The U.S. Cybersecurity and Infrastructure Security Agency (CISA) has issued an advisory about a security flaw in Ivanti Endpoint Manager (EPM). A vulnerability, tracked as CVE-2024-29824, allows an unauthenticated attacker to execute arbitrary code. Organizations relying on EPM need to patch the issue and ensure timely vulnerability management. CISA has confirmed exploitation of the vulnerability and urges federal agencies to update their instances by October 23, 2024. The incident highlights the importance of proactive cybersecurity measures and ongoing monitoring and patching schedules.
In a recent advisory issued by the U.S. Cybersecurity and Infrastructure Security Agency (CISA), it has come to light that a security flaw in Ivanti Endpoint Manager (EPM) has been actively targeted by threat actors, highlighting the importance of timely patching and vulnerability management for organizations relying on this endpoint solution. The identified vulnerability, tracked as CVE-2024-29824, carries an elevated CVSS score of 9.6 out of a maximum of 10.0, underscoring its critical severity.

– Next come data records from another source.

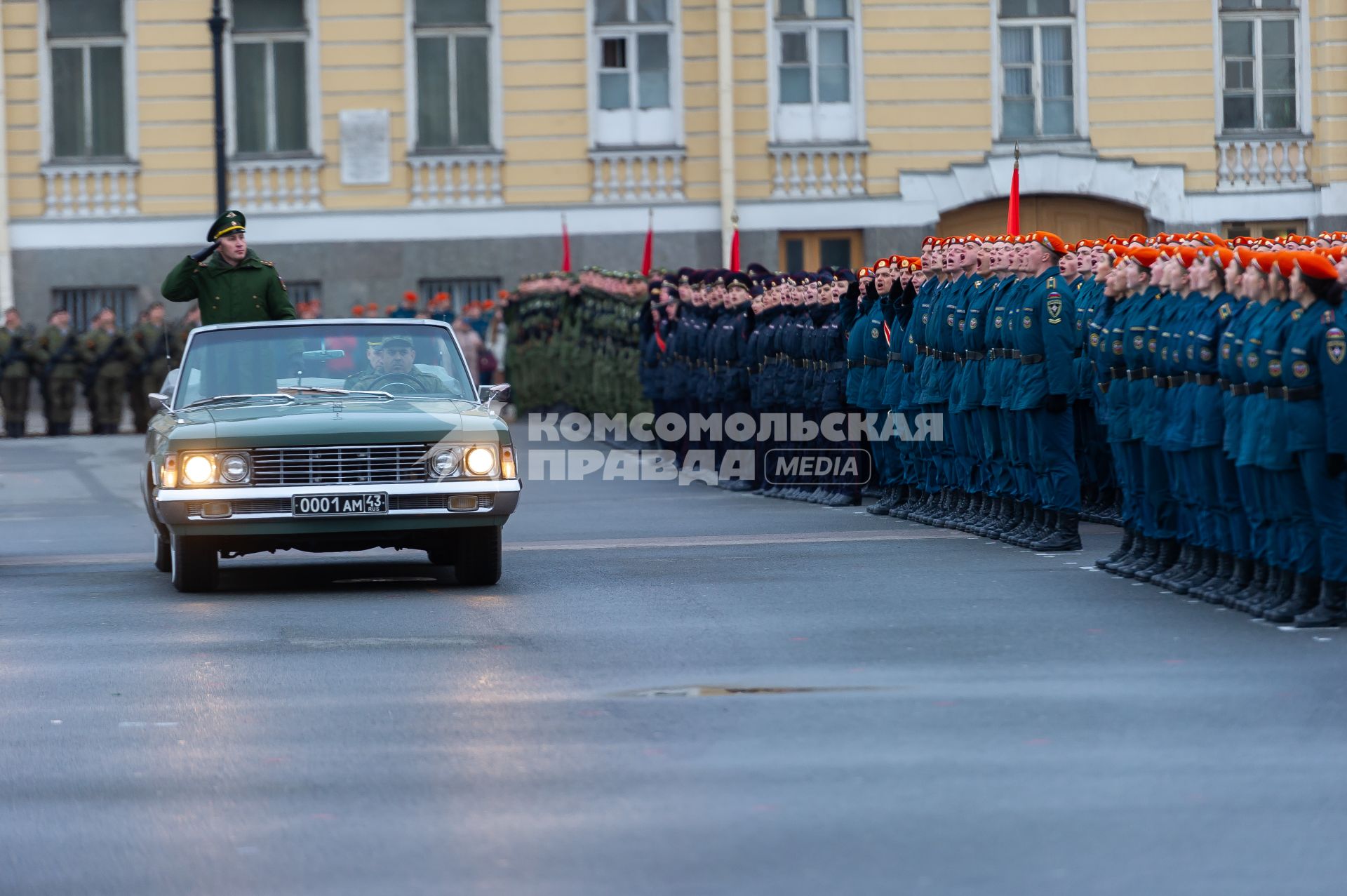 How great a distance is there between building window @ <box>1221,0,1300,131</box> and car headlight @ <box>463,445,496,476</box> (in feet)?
88.7

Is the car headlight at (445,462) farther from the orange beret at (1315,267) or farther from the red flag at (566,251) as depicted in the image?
the red flag at (566,251)

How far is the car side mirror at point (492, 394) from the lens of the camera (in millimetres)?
14914

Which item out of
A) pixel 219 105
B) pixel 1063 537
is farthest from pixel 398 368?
pixel 219 105

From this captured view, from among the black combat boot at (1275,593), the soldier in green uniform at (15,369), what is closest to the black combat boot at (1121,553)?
the black combat boot at (1275,593)

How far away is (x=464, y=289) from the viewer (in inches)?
1556

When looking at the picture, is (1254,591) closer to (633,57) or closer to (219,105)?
(219,105)

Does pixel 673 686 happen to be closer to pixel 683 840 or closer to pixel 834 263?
pixel 683 840

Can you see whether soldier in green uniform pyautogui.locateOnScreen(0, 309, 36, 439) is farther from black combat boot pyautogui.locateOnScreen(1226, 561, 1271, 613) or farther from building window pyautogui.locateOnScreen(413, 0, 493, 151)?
black combat boot pyautogui.locateOnScreen(1226, 561, 1271, 613)

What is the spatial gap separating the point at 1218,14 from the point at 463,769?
32.4m

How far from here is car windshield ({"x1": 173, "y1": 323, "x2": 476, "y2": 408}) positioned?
1509 cm

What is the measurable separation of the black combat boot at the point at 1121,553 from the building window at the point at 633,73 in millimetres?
23815

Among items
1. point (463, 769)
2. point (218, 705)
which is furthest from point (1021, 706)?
point (218, 705)

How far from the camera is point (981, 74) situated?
127 ft

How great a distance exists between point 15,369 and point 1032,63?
49.7 feet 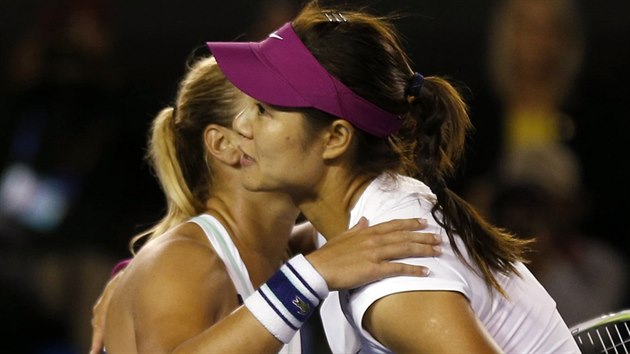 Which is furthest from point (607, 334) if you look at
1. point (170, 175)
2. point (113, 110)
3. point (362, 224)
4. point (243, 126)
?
point (113, 110)

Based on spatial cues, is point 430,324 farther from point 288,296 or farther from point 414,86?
point 414,86

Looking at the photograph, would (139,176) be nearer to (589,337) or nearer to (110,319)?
(110,319)

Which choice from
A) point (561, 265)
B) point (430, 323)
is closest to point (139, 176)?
point (561, 265)

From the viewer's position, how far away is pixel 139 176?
4.95 m

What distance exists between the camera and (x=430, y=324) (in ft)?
Answer: 6.27

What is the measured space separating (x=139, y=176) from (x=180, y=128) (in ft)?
7.52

The Ivanti EPM 2022 SU5 and prior versions are susceptible to an unspecified SQL Injection vulnerability in the Core server. This vulnerability allows an unauthenticated attacker within the same network to execute arbitrary code. A detailed analysis revealed that the issue is rooted in a function called RecordGoodApp() within a DLL named PatchBiz.dll, where the function handles an SQL query statement, thus enabling an attacker to gain remote code execution via xp_cmdshell.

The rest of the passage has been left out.